──────── DATA ────────

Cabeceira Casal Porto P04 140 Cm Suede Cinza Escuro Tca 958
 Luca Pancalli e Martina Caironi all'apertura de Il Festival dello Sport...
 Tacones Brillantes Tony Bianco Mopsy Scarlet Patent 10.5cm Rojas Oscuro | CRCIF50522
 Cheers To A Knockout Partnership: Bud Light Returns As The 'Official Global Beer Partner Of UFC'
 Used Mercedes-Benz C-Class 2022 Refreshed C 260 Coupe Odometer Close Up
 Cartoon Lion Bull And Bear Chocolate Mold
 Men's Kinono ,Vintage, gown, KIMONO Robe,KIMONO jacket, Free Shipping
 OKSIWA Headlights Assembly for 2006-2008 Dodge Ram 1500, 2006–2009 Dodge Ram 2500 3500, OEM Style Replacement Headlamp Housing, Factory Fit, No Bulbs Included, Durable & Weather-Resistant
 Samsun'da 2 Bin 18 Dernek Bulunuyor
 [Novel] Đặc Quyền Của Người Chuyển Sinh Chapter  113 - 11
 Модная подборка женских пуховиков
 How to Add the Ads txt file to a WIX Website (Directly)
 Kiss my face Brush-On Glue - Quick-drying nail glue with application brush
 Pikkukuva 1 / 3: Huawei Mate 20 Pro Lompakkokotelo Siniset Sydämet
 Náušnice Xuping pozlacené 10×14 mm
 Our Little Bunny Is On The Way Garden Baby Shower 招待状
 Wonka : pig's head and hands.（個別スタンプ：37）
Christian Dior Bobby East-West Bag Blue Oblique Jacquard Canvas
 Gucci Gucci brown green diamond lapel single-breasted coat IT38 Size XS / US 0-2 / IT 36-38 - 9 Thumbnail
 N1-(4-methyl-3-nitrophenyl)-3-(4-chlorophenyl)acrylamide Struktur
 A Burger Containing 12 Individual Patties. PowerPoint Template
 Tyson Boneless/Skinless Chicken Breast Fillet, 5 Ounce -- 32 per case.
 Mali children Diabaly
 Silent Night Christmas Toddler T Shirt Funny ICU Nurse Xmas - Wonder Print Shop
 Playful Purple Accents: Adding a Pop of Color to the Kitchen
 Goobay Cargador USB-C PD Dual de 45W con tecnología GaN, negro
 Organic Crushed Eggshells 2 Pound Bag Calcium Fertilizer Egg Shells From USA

────────

→ WORK INSTRUCTION: Could you reproduce every record exactly as it appears?

→ EXPECTED OUTPUT:
Cabeceira Casal Porto P04 140 Cm Suede Cinza Escuro Tca 958
 Luca Pancalli e Martina Caironi all'apertura de Il Festival dello Sport...
 Tacones Brillantes Tony Bianco Mopsy Scarlet Patent 10.5cm Rojas Oscuro | CRCIF50522
 Cheers To A Knockout Partnership: Bud Light Returns As The 'Official Global Beer Partner Of UFC'
 Used Mercedes-Benz C-Class 2022 Refreshed C 260 Coupe Odometer Close Up
 Cartoon Lion Bull And Bear Chocolate Mold
 Men's Kinono ,Vintage, gown, KIMONO Robe,KIMONO jacket, Free Shipping
 OKSIWA Headlights Assembly for 2006-2008 Dodge Ram 1500, 2006–2009 Dodge Ram 2500 3500, OEM Style Replacement Headlamp Housing, Factory Fit, No Bulbs Included, Durable & Weather-Resistant
 Samsun'da 2 Bin 18 Dernek Bulunuyor
 [Novel] Đặc Quyền Của Người Chuyển Sinh Chapter  113 - 11
 Модная подборка женских пуховиков
 How to Add the Ads txt file to a WIX Website (Directly)
 Kiss my face Brush-On Glue - Quick-drying nail glue with application brush
 Pikkukuva 1 / 3: Huawei Mate 20 Pro Lompakkokotelo Siniset Sydämet
 Náušnice Xuping pozlacené 10×14 mm
 Our Little Bunny Is On The Way Garden Baby Shower 招待状
 Wonka : pig's head and hands.（個別スタンプ：37）
Christian Dior Bobby East-West Bag Blue Oblique Jacquard Canvas
 Gucci Gucci brown green diamond lapel single-breasted coat IT38 Size XS / US 0-2 / IT 36-38 - 9 Thumbnail
 N1-(4-methyl-3-nitrophenyl)-3-(4-chlorophenyl)acrylamide Struktur
 A Burger Containing 12 Individual Patties. PowerPoint Template
 Tyson Boneless/Skinless Chicken Breast Fillet, 5 Ounce -- 32 per case.
 Mali children Diabaly
 Silent Night Christmas Toddler T Shirt Funny ICU Nurse Xmas - Wonder Print Shop
 Playful Purple Accents: Adding a Pop of Color to the Kitchen
 Goobay Cargador USB-C PD Dual de 45W con tecnología GaN, negro
 Organic Crushed Eggshells 2 Pound Bag Calcium Fertilizer Egg Shells From USA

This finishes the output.